■ **MATERIAL FOR THE TASK**:
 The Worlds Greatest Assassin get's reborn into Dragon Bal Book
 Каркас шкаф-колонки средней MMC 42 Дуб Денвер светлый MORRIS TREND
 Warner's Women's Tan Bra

==

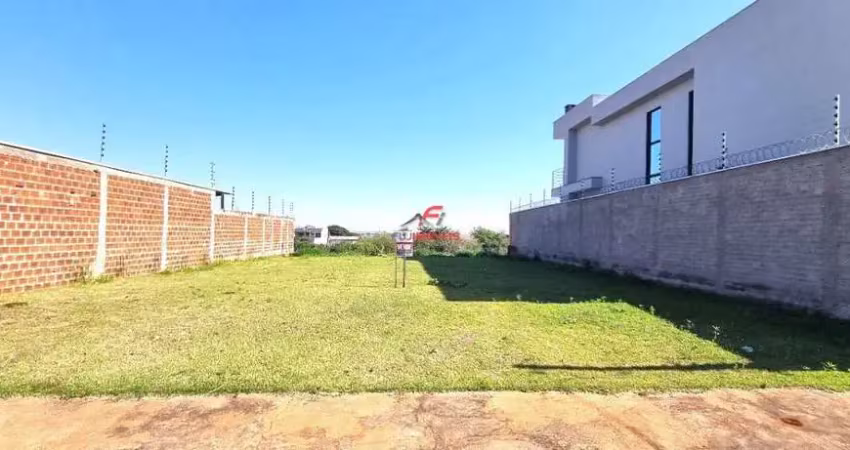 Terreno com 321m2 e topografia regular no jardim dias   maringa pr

* * *

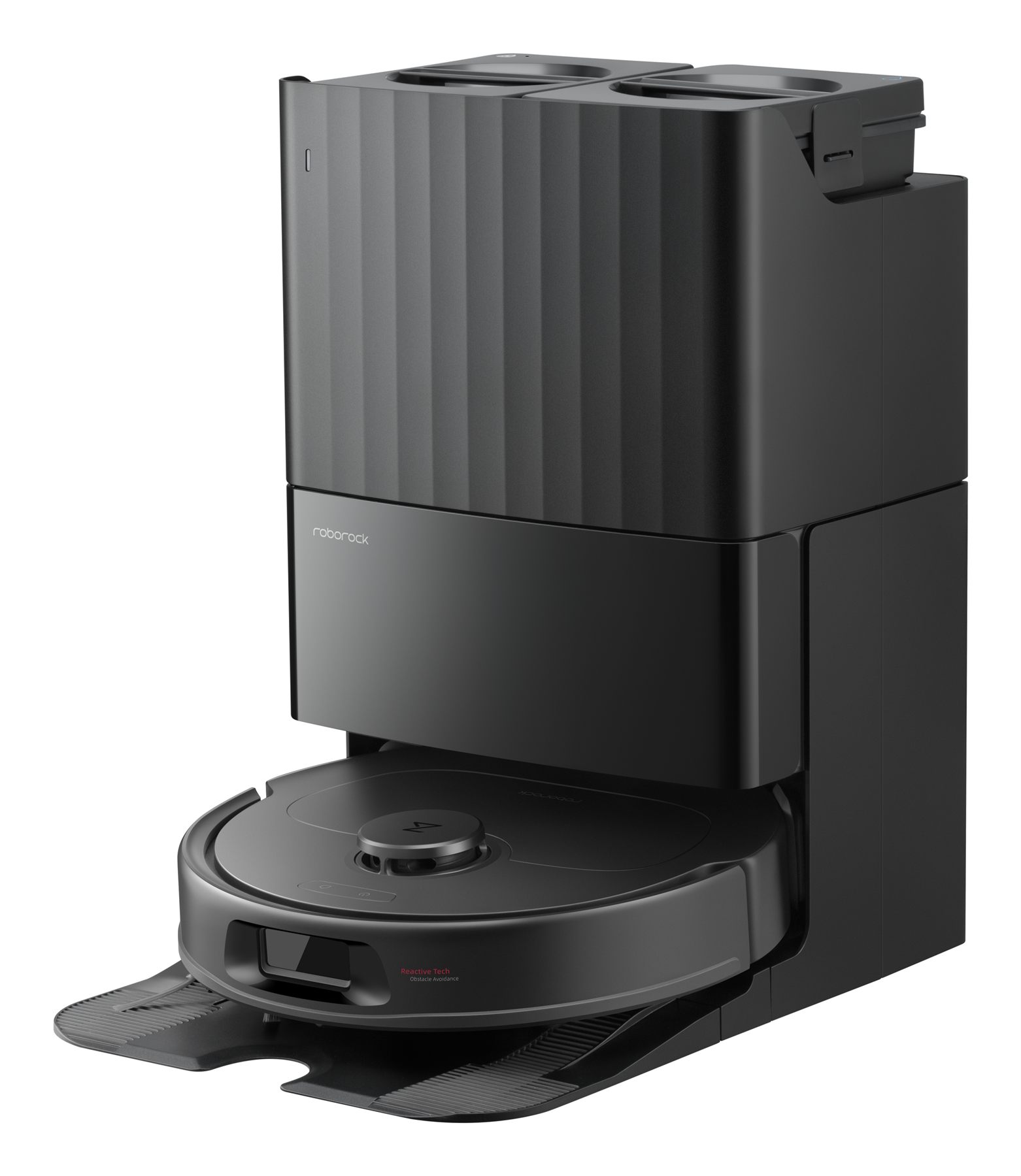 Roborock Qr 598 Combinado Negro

■ **AIM OF THE EXERCISE**:
Using the entries above, return exactly the lines from the line with "The Worlds Greatest" to the line with "Warner's Women's Tan Bra", counting both of those lines.

■ **RESPONSE**:
 The Worlds Greatest Assassin get's reborn into Dragon Bal Book
 Каркас шкаф-колонки средней MMC 42 Дуб Денвер светлый MORRIS TREND
 Warner's Women's Tan Bra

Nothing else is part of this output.